Earlier in 2015, NetApp announced the results for the brand-new EF560 All-Flash Array. If you read the press release, we didn’t make one mention of straight IOPS calculated, but focused on the $/IOPS as well as the ridiculously low latencies we were able to achieve. We also had Mike Phelan on the NetApp podcast to go over the results, and he also put an extreme focus on low latency. I’ll never forget him saying, “The race to zero microseconds is on!”
You’ll understand why by the end of this post, I promise. It’s a long one with a lot of data. Coffee and focus required.

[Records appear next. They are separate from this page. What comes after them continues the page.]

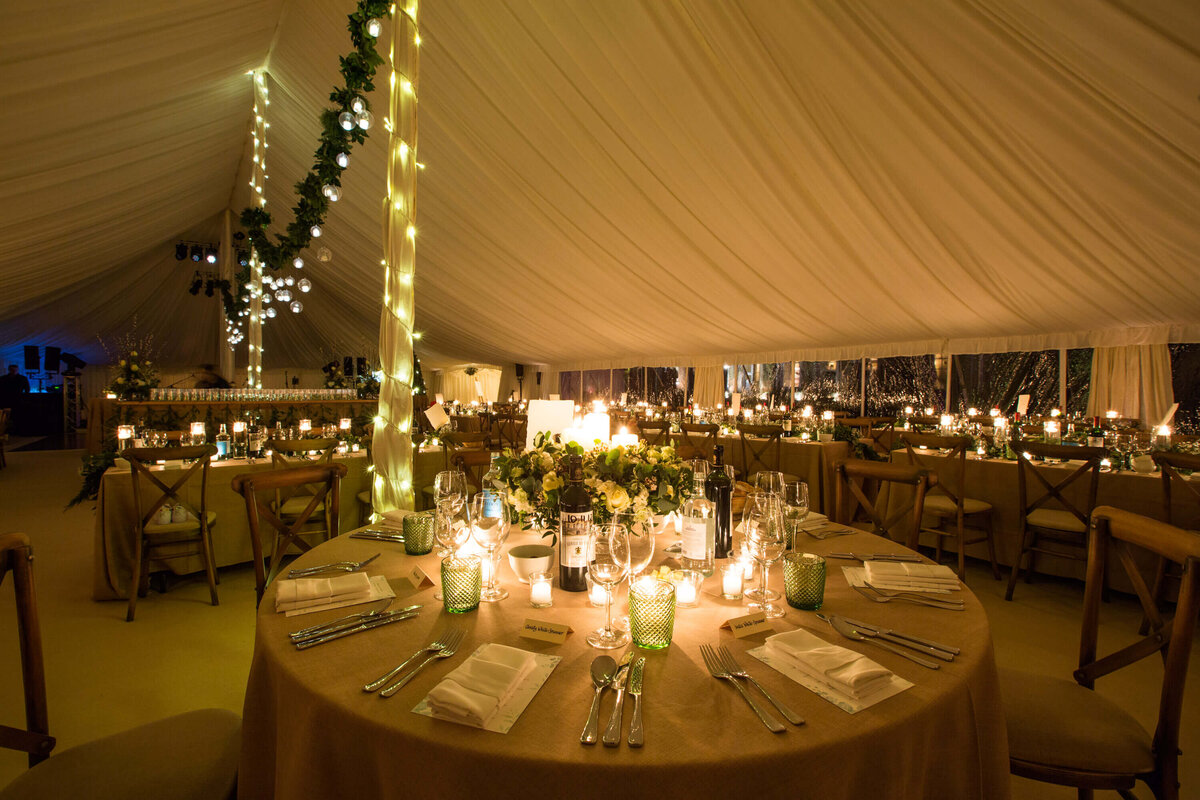 19 Winter Marquee Wedding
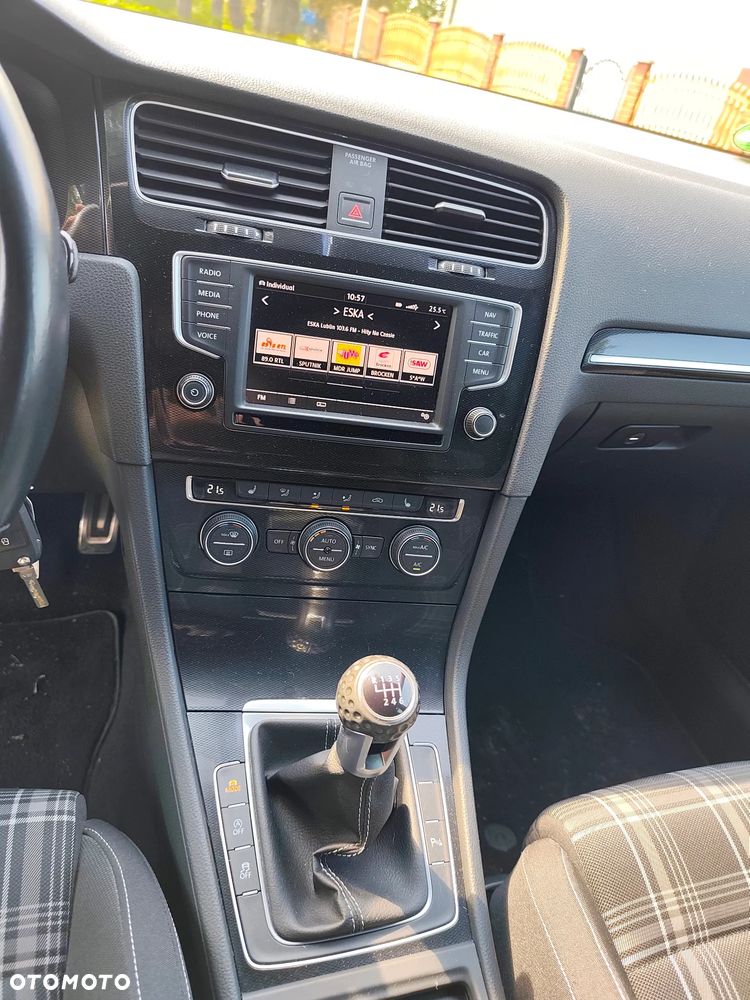 Volkswagen Golf 2.0 TDI BMT GTD - 9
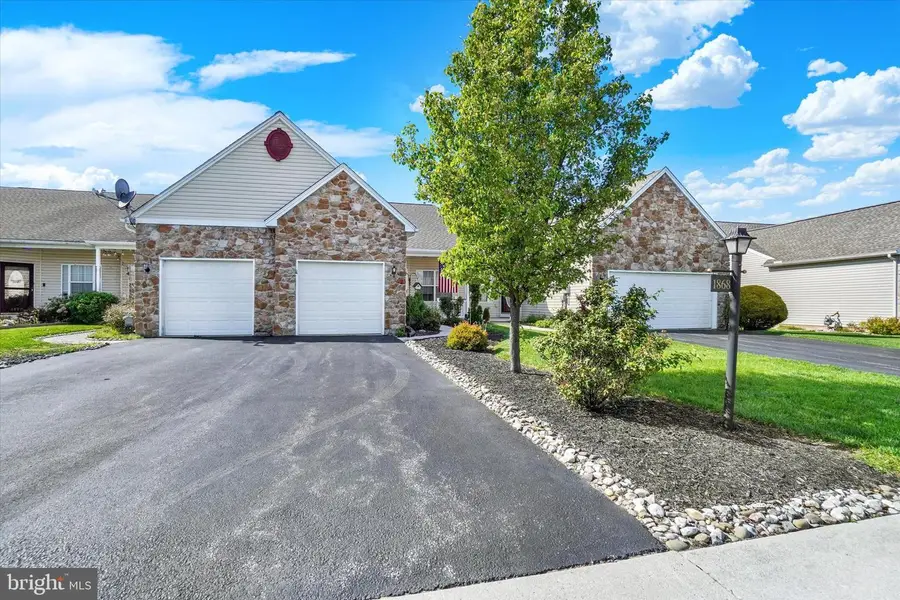 1868 Deerfield Dr, Dover, PA 17315 - #3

Whether you want to believe in it or not, whether some vendor who doesn’t participate tells you its irrelevant because of some reason that makes them look bad, the Storage Performance Council is the top dawg when it comes to the performance benchmarking of enterprise storage systems. There is always a lot of himming and hawing over these results, their validity, how vendors game the system, “anyone can build a dragster,” etc etc etc. It’s old and tired. So part of this post is not only going to be a brag, but also a breakdown of WHY these results matter, not just the results themselves. Why it’s not just about sheer IOPS delivered, but the cost in a $/IOPS figure with real workload simulations (not just random 4k reads), and the low latencies required to deliver those IOPS at those costs.
What is the Storage Performance Council?
The goal of the SPC is to serve as a catalyst for performance improvement in storage subsystems. It works to foster the free and open exchange of ideas and information, and to insure fair and vigorous competition between vendors as a means of improving the products and services available to the general public.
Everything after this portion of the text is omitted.